Frey also took the seven eldest Al Jasem children to Drayton Heights the week before six of them officially began classes.

“They literally bounced from the van into the school and their eyes were huge and they were all excited,” Crawford said. “It was … a highlight from a professional standpoint just watching their excitement about coming to school.

“It was like Tigger, from Winnie the Pooh, the way they kind of bounced in and they were like that for the whole time, they just were going from room to room.”

Frey said the students had gone to a UNICEF school in Lebanon, however, “it was not as they would have known school before; limited what they would have had for resources and stuff like that.”

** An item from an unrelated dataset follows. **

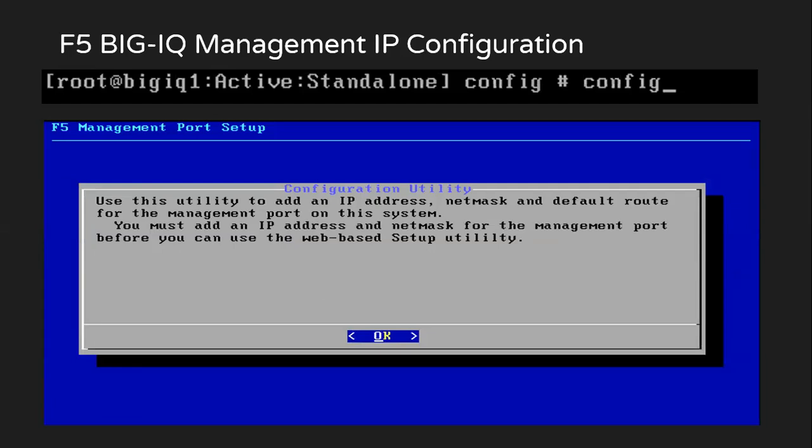This is how it would look like. In here, it will ask you if you want to add up the management IP address. We just click on OK.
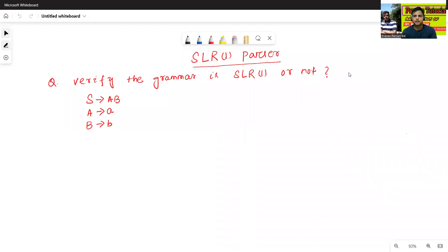Hello all, I am Dr. Prabhas Sanjambal. In today's class, we will discuss one more example of SLR1 parser, or Simple LR1 parser.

In preparation for the youngsters’ arrival Drayton Heights acquired six Google Nexus 7 tablets from the Upper Grand District School Board that allows English-speaking staff and students to speak or write into Google Translate, convert their words to Arabic and communicate with the Al Jasem family.

“As we went around the school I could actually say to them, ‘okay this is the library … this is the teacher/librarian here’ and again their eyes were huge with the fact,” Crawford said.

“By the time they managed to get around the whole school they had a sense of the school, they could understand where we were going and what the school is like and what the population was.”

Though he said it’s more difficult to translate Arabic into English, likely because of the unique language dialect, the Syrian youngsters are able to navigate the Google Translate application and can communicate with English speakers.

Teachers and students at Drayton Heights each stepped up to make the new members of the school community feel comfortable, putting up a welcome sign in both English and Arabic as well as bilingual signs on the Syrian students’ classroom doors and lockers.

“It’s almost like every staff member took on a different role to try and they support them in their own way,” Crawford said.

“It’s been an eye-opener for somebody coming with really no background in the language or the culture and for them to just kind of come into the school, it’s been really heartwarming I’d say.”

Frey said while the students are in school, women from the sponsorship group visit daily with Nejwa Al Jasem, the children’s mother. She stays home with the three youngest children not yet old enough for school.

“She’ll have the biggest adjustment because she stayed at home alone with nobody who can speak her language around her,” Frey said adding the language barrier is one of the biggest challenges.

“Knowing that there’s times where you feel like there’s something they might want to share or … I think for the ladies to bridge the gap with Nejwa just to give that emotional support is really difficult to do … with the language barrier.”

Though Khalil does not like the snow, Frey said the kids are enjoying it. “They’ve seen it and they’ve experienced colder temperatures but never like a blanket of snow over the whole countryside,” he said. Last weekend the youngsters went tobogganing.

Crawford said the addition of the six Syrian students to the school community is also eye-opening for local students.

“The student council here has done a great job of doing empowerment days, like a kind of mini We Day,” Crawford said.

“I think it has maybe taken it from being aware and helping people abroad or further away to now those people are here … I think it has brought down the fact that all the work and all the effort that they’re doing really helps, so I think it’s made it pretty real for them.”